CHINA / SOCIETY
China breaks ground on world’s first dual-reactor coupled nuclear energy project, building low-carbon transition
Published: Jan 16, 2026 05:58 PM
Concrete pouring begins for the nuclear island of Unit 1 at the Xuwei Nuclear Heating and Power Plant in Lianyungang, East China's Jiangsu Province, on January 16, 2026. Photo: Liang Rui/GT

Concrete pouring begins for the nuclear island of Unit 1 at the Xuwei Nuclear Heating and Power Plant in Lianyungang, East China's Jiangsu Province, on January 16, 2026. Photo: Liang Rui/GT

On Friday, concrete pouring began for the nuclear island of Unit 1 at the Xuwei Nuclear Heating and Power Plant in Lianyungang, East China's Jiangsu Province, a project developed by China National Nuclear Corporation (CNNC). As the first nuclear power unit to break ground in China in the opening year of the country's 15th Five-Year Plan, the move marks the entry of the world's first large-scale project coupling nuclear energy with the petrochemical industry into its main construction phase, offering a scalable Chinese solution for achieving global carbon peaking and carbon neutrality goals.

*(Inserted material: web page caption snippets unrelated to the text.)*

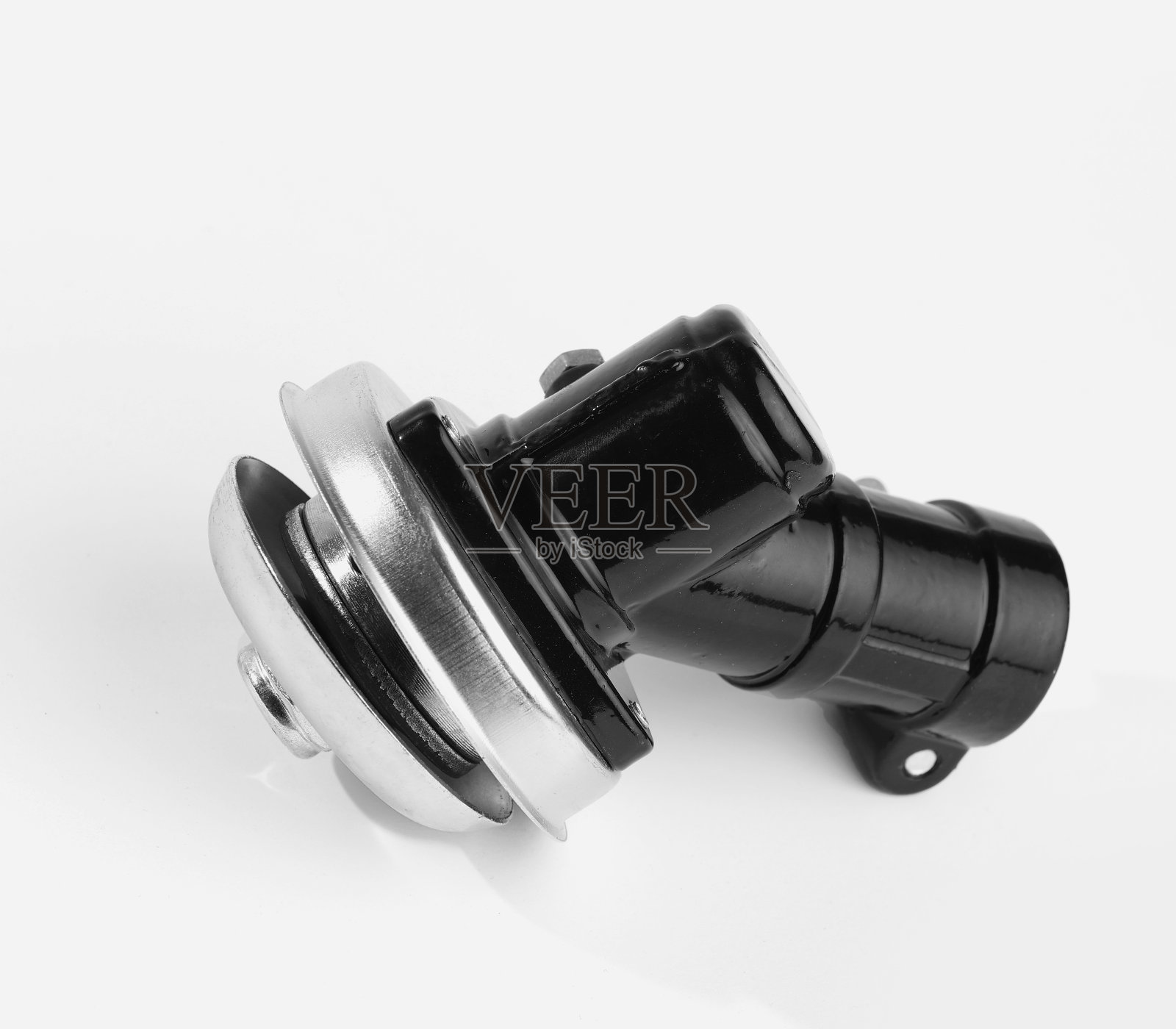 电动割草机的变速箱。玻璃上的微调减速器。修剪器齿轮箱齿轮头刷割草机草,修剪器更换齿轮头,草坪割草机部分园艺工具孤立在白色背景照片摄影图片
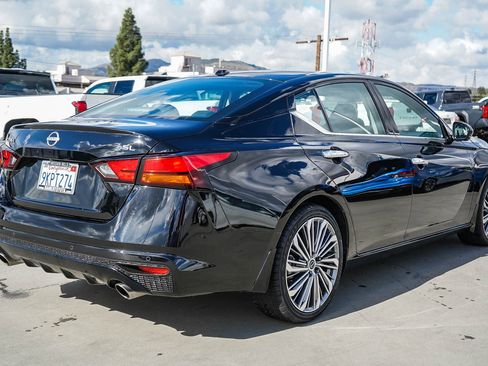 Used 2024 Nissan Altima 2.5 SL image 9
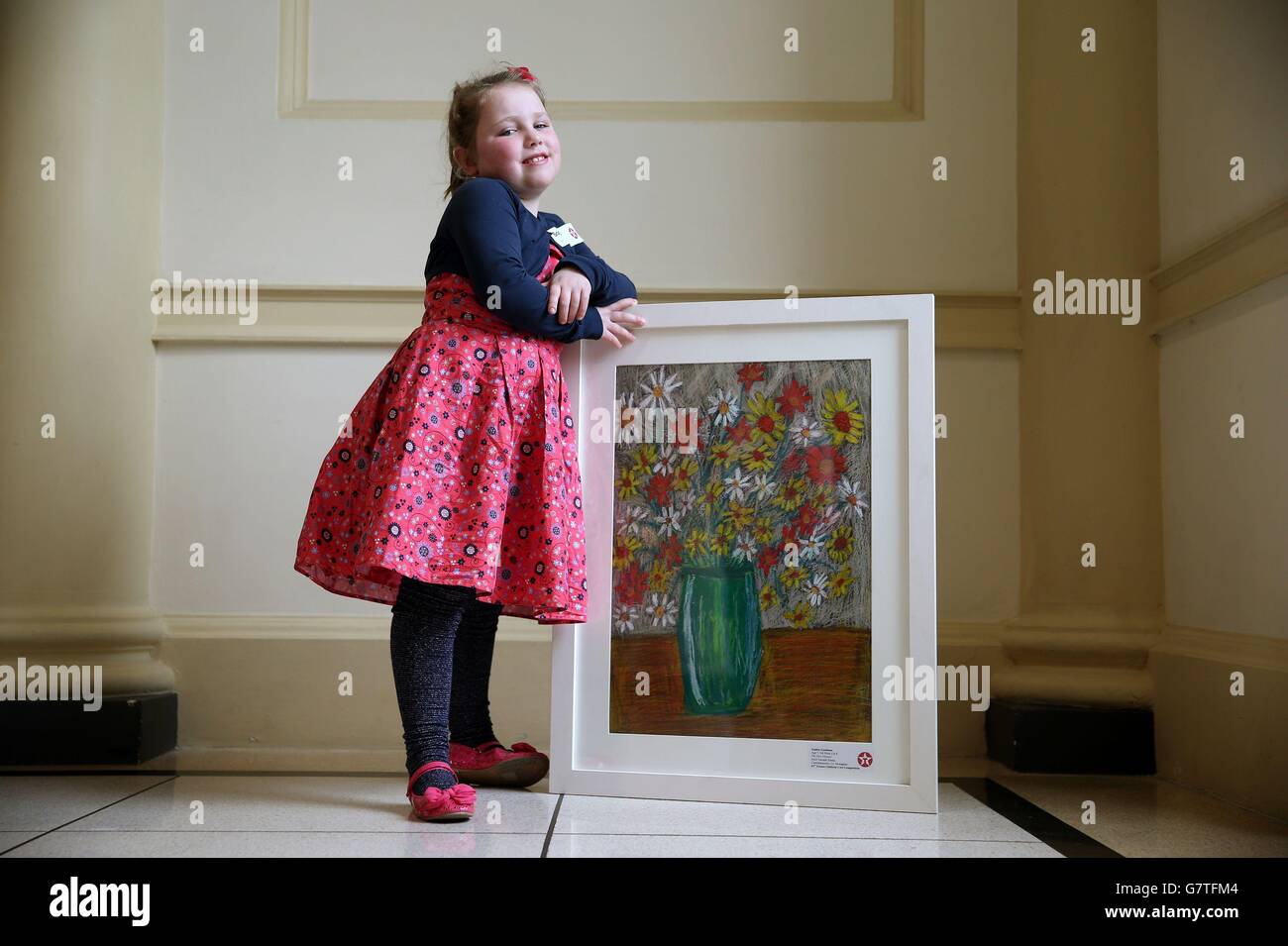 Sophia Goodman, Seven, de Co. Monaghan, se tient à côté de son œuvre "les fleurs de Nice" qui a remporté son 3e prix dans la catégorie E, dans le 61e Texaco Children's Art Competition, lors d'une réception à Dublin City Gallery The Hugh Lane, Dublin. Banque D'Images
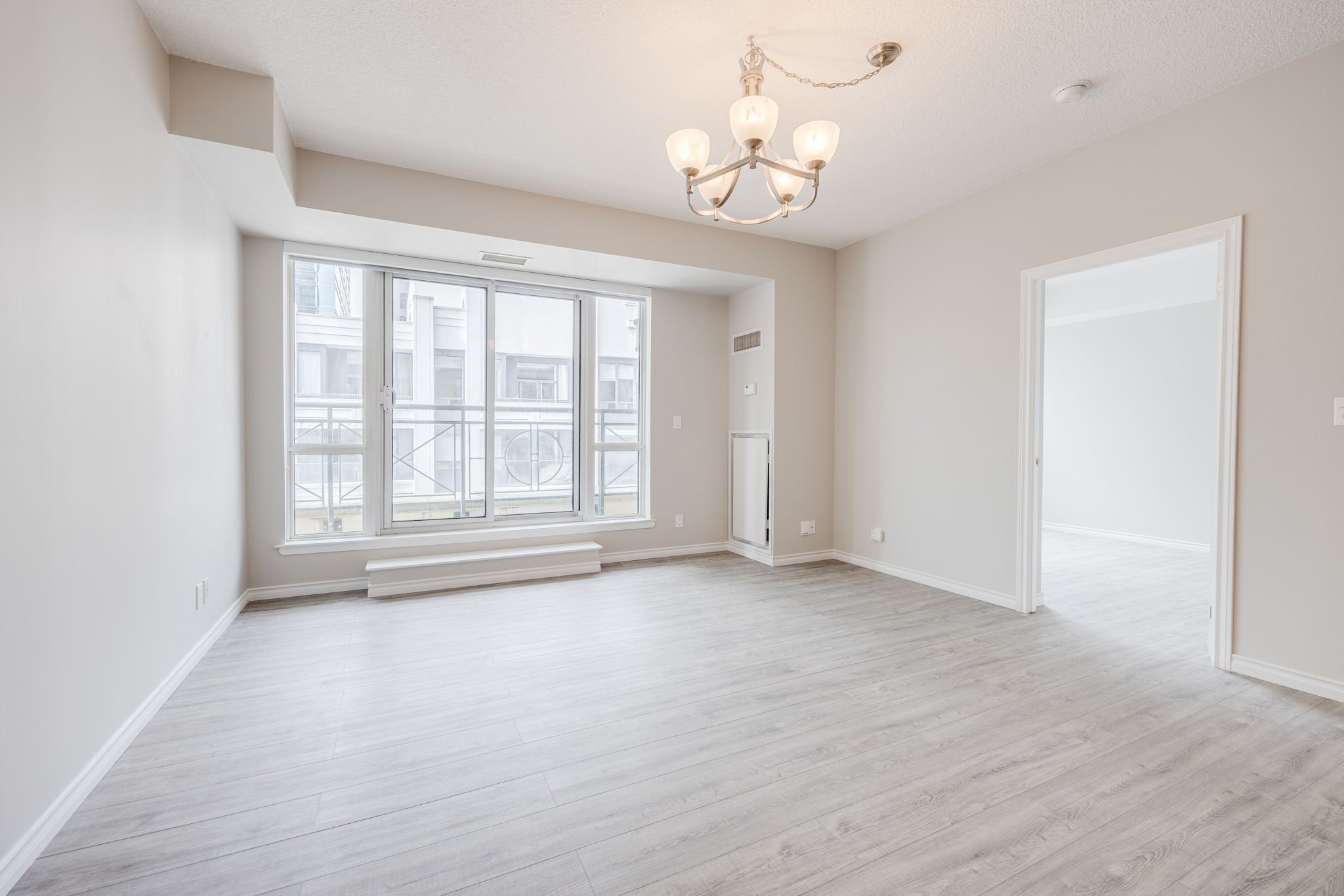 Toronto property showcase — delivered property photograph 7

According to CNNC, the Jiangsu Xuwei Nuclear Heating and Power Plant is the world's first project to couple a pressurized water reactor with a high-temperature gas-cooled reactor, the first commercial-scale deployment of high-temperature gas-cooled reactor technology, and the first nuclear project globally to adopt an integrated, plant-wide construction approach under a nuclear engineering, procurement and construction model.

The project is designed primarily for industrial heat supply while also providing electricity. It combines China's independently developed third-generation nuclear technology, the Hualong One, with fourth-generation high-temperature gas-cooled reactor technology. 

In operation, the main steam from the Hualong One is used to heat demineralized water to produce saturated steam, which is then reheated by the main steam from the high-temperature gas-cooled reactor. Under design conditions, the plant will be capable of simultaneously supplying high-quality industrial steam and generating electricity.

The first phase of the project includes two Hualong One units and one high-temperature gas-cooled reactor unit. Once completed and put into operation, the phase-one project will supply 32.5 million tons of industrial steam annually and generate more than 11.5 billion kilowatt-hours of electricity at peak output. 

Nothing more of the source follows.